-- The task --
All of the data should be restated exactly as it stands.

= = = = =

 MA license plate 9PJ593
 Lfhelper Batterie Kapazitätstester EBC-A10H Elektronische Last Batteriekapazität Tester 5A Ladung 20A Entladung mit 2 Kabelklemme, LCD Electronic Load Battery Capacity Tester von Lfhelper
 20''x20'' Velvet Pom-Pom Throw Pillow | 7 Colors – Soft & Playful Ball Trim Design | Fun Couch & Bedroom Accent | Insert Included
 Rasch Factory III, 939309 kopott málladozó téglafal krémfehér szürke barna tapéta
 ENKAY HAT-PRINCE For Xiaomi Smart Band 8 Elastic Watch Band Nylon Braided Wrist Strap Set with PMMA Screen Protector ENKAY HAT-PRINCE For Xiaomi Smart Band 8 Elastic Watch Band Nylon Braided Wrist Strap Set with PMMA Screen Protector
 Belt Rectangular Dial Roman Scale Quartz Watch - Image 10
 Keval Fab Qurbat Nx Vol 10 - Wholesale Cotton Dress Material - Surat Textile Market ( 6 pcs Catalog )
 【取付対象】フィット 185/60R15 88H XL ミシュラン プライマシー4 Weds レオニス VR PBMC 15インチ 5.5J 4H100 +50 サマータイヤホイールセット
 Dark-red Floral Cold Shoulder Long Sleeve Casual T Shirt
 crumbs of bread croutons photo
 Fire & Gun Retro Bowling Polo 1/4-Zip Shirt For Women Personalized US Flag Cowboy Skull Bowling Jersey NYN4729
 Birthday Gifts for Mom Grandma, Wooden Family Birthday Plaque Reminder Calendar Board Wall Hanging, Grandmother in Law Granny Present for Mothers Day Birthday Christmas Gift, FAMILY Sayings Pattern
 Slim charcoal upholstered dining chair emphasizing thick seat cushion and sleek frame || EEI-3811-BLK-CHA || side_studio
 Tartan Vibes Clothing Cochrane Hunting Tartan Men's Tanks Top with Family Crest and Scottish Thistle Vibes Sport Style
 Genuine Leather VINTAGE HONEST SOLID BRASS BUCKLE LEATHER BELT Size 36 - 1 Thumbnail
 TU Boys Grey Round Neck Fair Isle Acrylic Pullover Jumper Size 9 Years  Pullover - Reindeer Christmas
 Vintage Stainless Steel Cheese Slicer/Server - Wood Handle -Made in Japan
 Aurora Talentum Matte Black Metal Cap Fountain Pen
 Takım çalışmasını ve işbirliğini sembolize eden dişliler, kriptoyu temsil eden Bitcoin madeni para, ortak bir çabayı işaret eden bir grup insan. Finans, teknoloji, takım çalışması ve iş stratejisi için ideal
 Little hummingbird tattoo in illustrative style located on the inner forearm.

= = = = =

-- Task result --
 MA license plate 9PJ593
 Lfhelper Batterie Kapazitätstester EBC-A10H Elektronische Last Batteriekapazität Tester 5A Ladung 20A Entladung mit 2 Kabelklemme, LCD Electronic Load Battery Capacity Tester von Lfhelper
 20''x20'' Velvet Pom-Pom Throw Pillow | 7 Colors – Soft & Playful Ball Trim Design | Fun Couch & Bedroom Accent | Insert Included
 Rasch Factory III, 939309 kopott málladozó téglafal krémfehér szürke barna tapéta
 ENKAY HAT-PRINCE For Xiaomi Smart Band 8 Elastic Watch Band Nylon Braided Wrist Strap Set with PMMA Screen Protector ENKAY HAT-PRINCE For Xiaomi Smart Band 8 Elastic Watch Band Nylon Braided Wrist Strap Set with PMMA Screen Protector
 Belt Rectangular Dial Roman Scale Quartz Watch - Image 10
 Keval Fab Qurbat Nx Vol 10 - Wholesale Cotton Dress Material - Surat Textile Market ( 6 pcs Catalog )
 【取付対象】フィット 185/60R15 88H XL ミシュラン プライマシー4 Weds レオニス VR PBMC 15インチ 5.5J 4H100 +50 サマータイヤホイールセット
 Dark-red Floral Cold Shoulder Long Sleeve Casual T Shirt
 crumbs of bread croutons photo
 Fire & Gun Retro Bowling Polo 1/4-Zip Shirt For Women Personalized US Flag Cowboy Skull Bowling Jersey NYN4729
 Birthday Gifts for Mom Grandma, Wooden Family Birthday Plaque Reminder Calendar Board Wall Hanging, Grandmother in Law Granny Present for Mothers Day Birthday Christmas Gift, FAMILY Sayings Pattern
 Slim charcoal upholstered dining chair emphasizing thick seat cushion and sleek frame || EEI-3811-BLK-CHA || side_studio
 Tartan Vibes Clothing Cochrane Hunting Tartan Men's Tanks Top with Family Crest and Scottish Thistle Vibes Sport Style
 Genuine Leather VINTAGE HONEST SOLID BRASS BUCKLE LEATHER BELT Size 36 - 1 Thumbnail
 TU Boys Grey Round Neck Fair Isle Acrylic Pullover Jumper Size 9 Years  Pullover - Reindeer Christmas
 Vintage Stainless Steel Cheese Slicer/Server - Wood Handle -Made in Japan
 Aurora Talentum Matte Black Metal Cap Fountain Pen
 Takım çalışmasını ve işbirliğini sembolize eden dişliler, kriptoyu temsil eden Bitcoin madeni para, ortak bir çabayı işaret eden bir grup insan. Finans, teknoloji, takım çalışması ve iş stratejisi için ideal
 Little hummingbird tattoo in illustrative style located on the inner forearm.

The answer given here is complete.